*Data for review*.

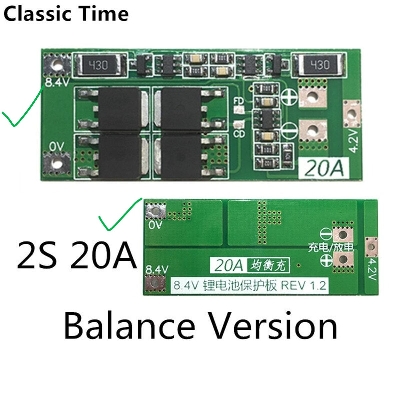 Picture of 2S 20A 7.4V 8.4V 18650 Li-ion Lithium protection board/BMS board Balanced(Green)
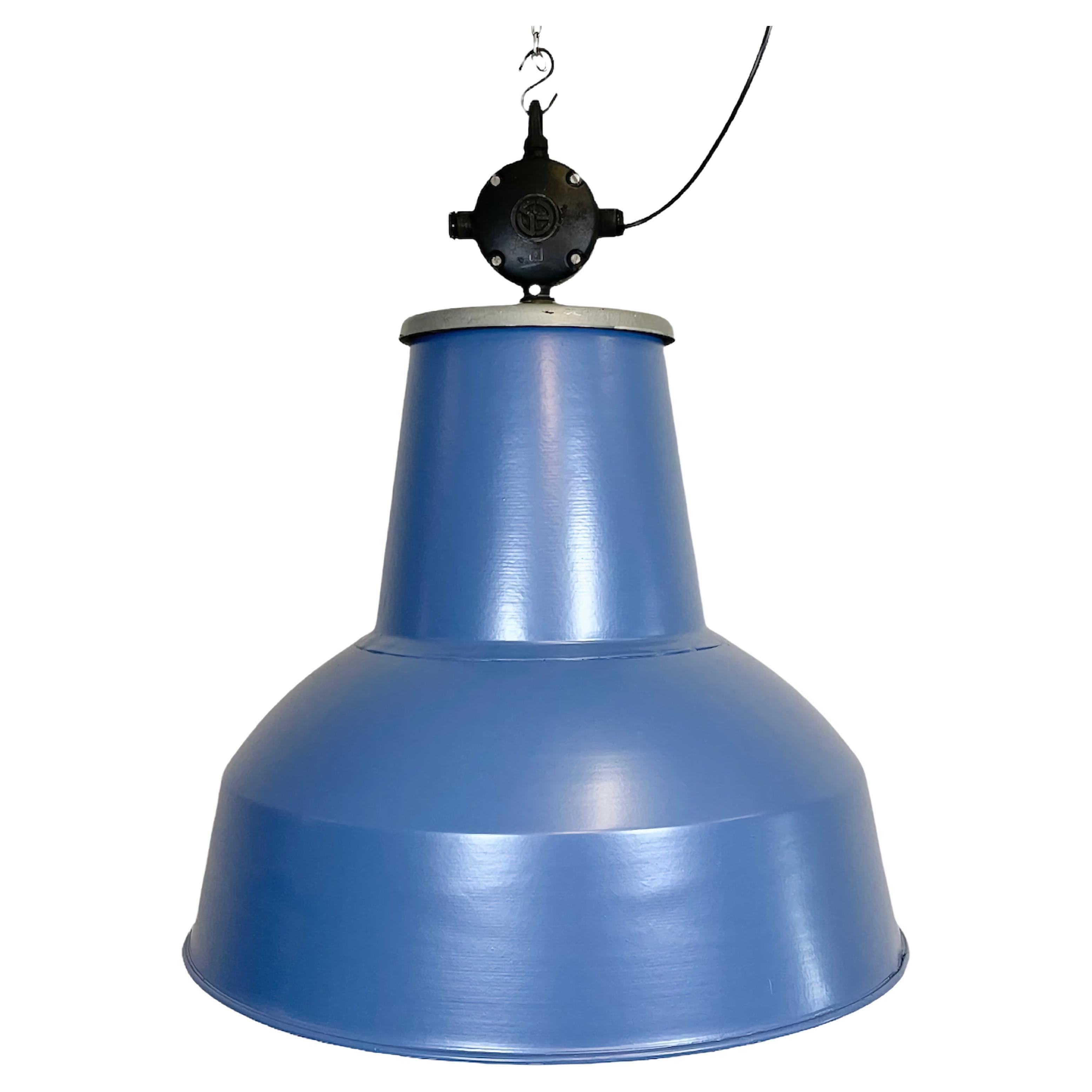 Large Blue Painted Industrial Factory Lamp from Elektrosvit, 1960s For Sale
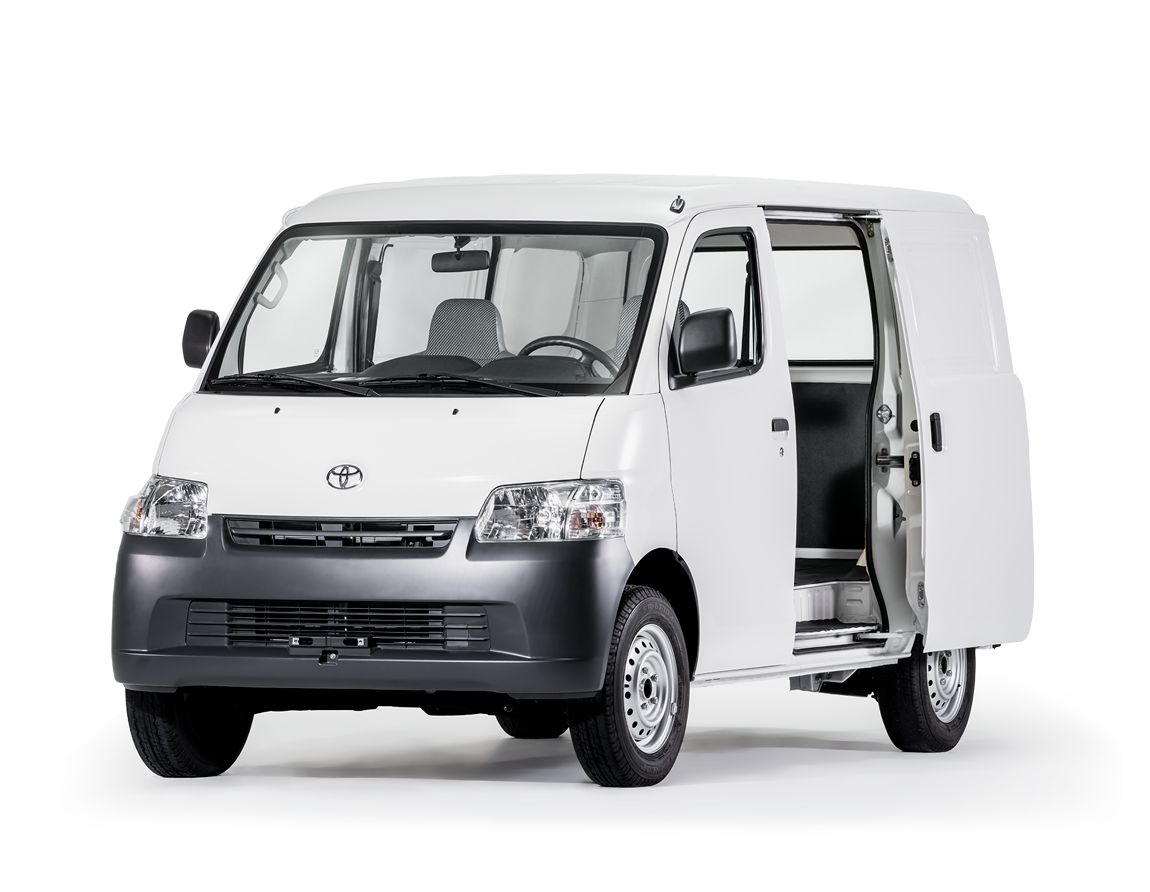 A white van with its doors open on a white background.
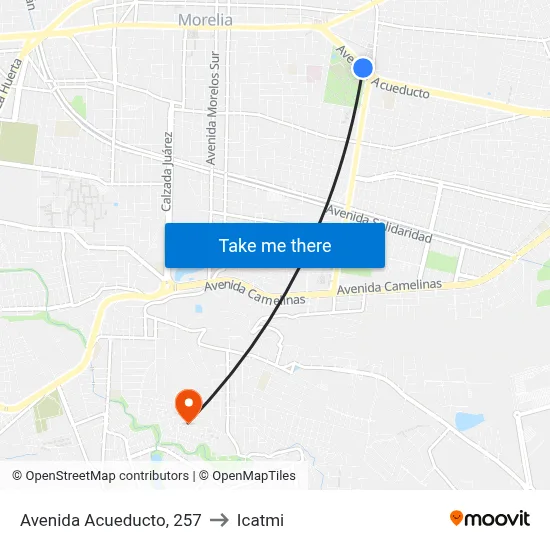 Avenida Acueducto, 257 to Icatmi map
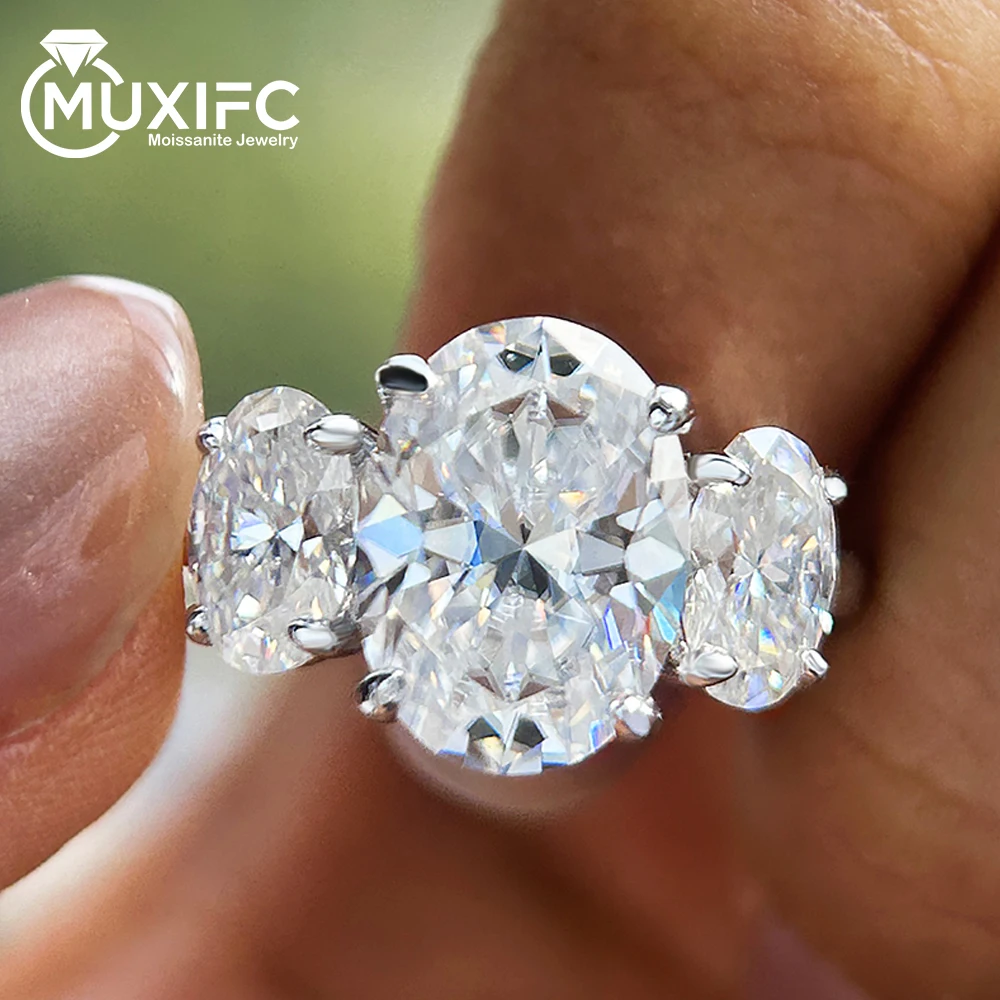 MUXIFC 3/6cttw Luxury Full Moissanite Engagement Ring for Women 925 Silver 3-Stone Oval Cut Lab Diamond Wedding Band Jewelry
MUXIFC 3/6cttw Luxury Full Moissanite Engagement Ring for Women 925 Silver 3-Stone Oval Cut Lab Diamond Wedding Band Jewelry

*What you need to do*. Can the lines from the start of the records through the line with "A white van" be given again exactly, with the pictures left out?

*Result of the task*.
 Picture of 2S 20A 7.4V 8.4V 18650 Li-ion Lithium protection board/BMS board Balanced(Green)
 Large Blue Painted Industrial Factory Lamp from Elektrosvit, 1960s For Sale
 A white van with its doors open on a white background.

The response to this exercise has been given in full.